Description of the task — When the line with "Image of Sceptridium japonicum (Prantl) Lyon" turns up below, begin repeating exactly, and carry on through the line with "Entonces David subió"; no pictures go into the copy.

Records to use —
• • • • •
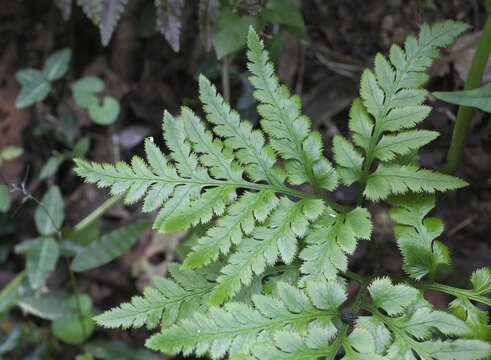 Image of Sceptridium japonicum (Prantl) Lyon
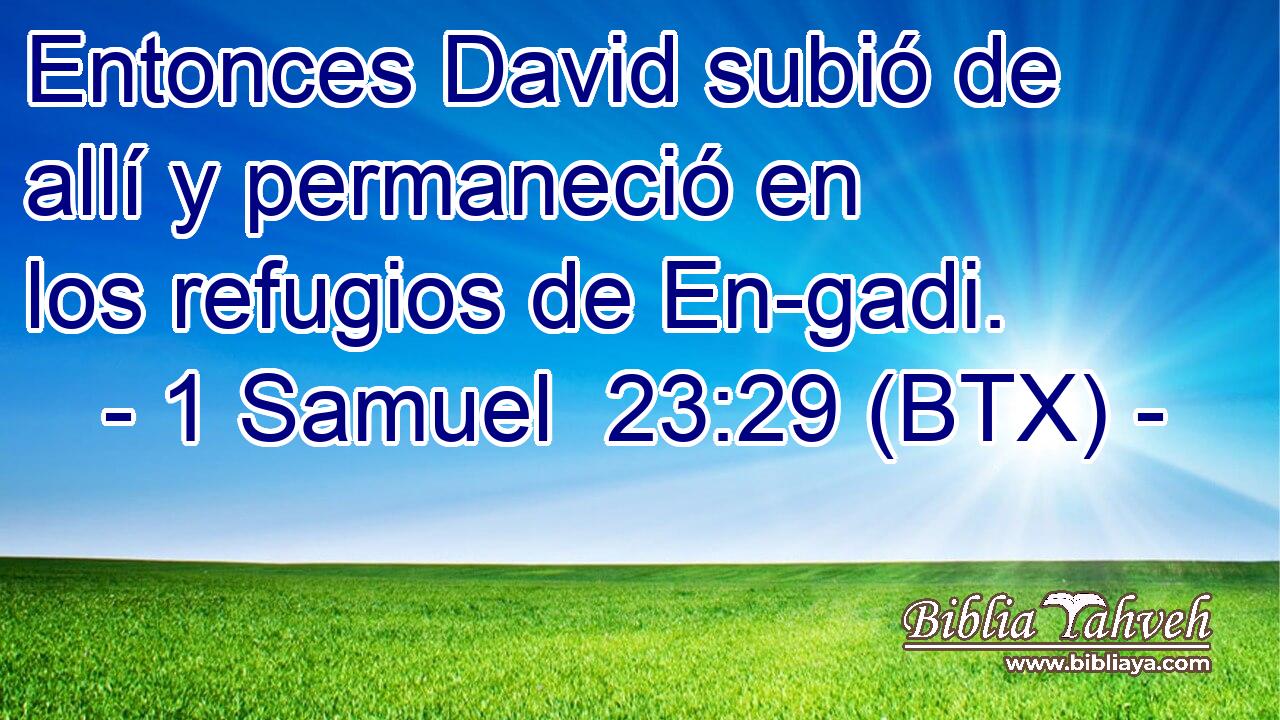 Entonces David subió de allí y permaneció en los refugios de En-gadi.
• • • • •
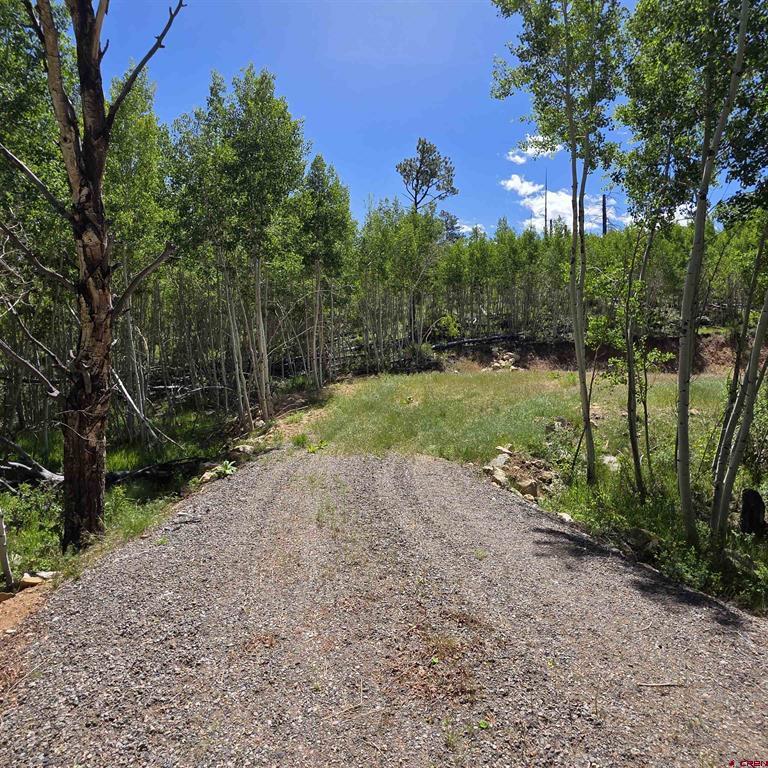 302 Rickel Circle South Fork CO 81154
• • • • •
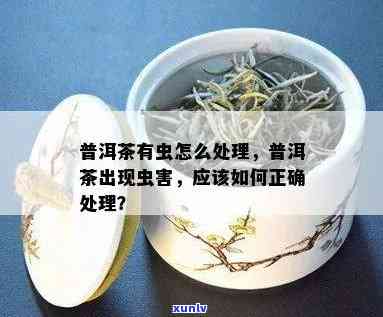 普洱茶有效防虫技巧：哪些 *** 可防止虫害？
• • • • •
Answer for the task —
 Image of Sceptridium japonicum (Prantl) Lyon
 Entonces David subió de allí y permaneció en los refugios de En-gadi.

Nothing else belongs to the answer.